Isaacs was born in 1949, in Buffalo, New York, and lived there until she left for college in 1967. She attended the University of Michigan, where she received two bachelor's degrees, English Literature and Environmental Education, and her Master's of Science degree in 1975. Since 1975, Isaacs has lived in various cities in Canada and California. Isaacs married Samuel Koplowicz, a media producer, in 1978. She and her husband and three kids now live in Berkley, California, on the San Francisco Bay. Isaacs held a series of positions in the field of environmental education until the mid-1980s and took on writing fiction as a second profession.

Inspiration 

"All my life", says Isaacs, "poetry has affected me more than any other genre. I have read and memorized it, studied it, loved, and written it since I was nine." As a child she has called herself "shy and usually lost in a world of my imagination. I read constantly from fourth grade on, plucking books haphazardly from my parents' or the library's shelves: Romeo and Juliet, Lorna Doone, Wind in the Willows, The Caine Mutiny. In fourth grade I was changed forever by my first readings of Shakespeare and Coleridge. I was spellbound by their emotional directness, interweaving of thought and feeling, and above, all, the pure music of their words. I read Little Women more times than any other book. Like the heroine, Jo, I grew up to combine careers as an educator, mother, and children's book writer."

First writings 

Isaacs dabbled in writing as a child, but it wasn't until she had children of her own that she began to write seriously, and to think about trying to get a book published. She has said "I seem fated to come to books in reverse order. I mainly read adult literature as a child, but as an adult I began to read children's literature, often encountering a classic work for the first time while reading it to my children."

Major works

Swamp Angel 

Isaacs teamed up with Illustrator Paul O. Zelinsky, narrates the story of Angelica Longrider, a native Tennessee Hill and her rise as the greatest woodswoman in the land. The idea of "Swamp Angel" was to have a girl in a tall tale doing extraordinary and strong actions.

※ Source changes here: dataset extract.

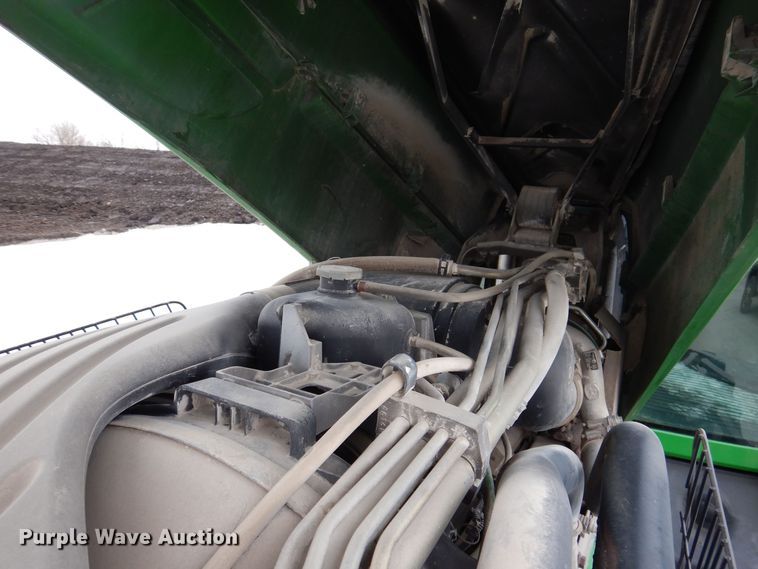 image for item KW9699 2007 John Deere 7830  MFWD tractor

Angelic Longrider or "Swamp Angel" becomes the greatest woodsman in Tennessee in an original American tall tale, one much like those of Paul Bunyan and Pecos Bill. Taller than her mother at birth, Swamp Angel builds her first log cabin at the age of two. After many great feats, she takes on Thundering Tarnation, a black bear "with bottomless appetite for settlers' grub". Eventually she sends Tarnation up to the sky, where he becomes a constellation.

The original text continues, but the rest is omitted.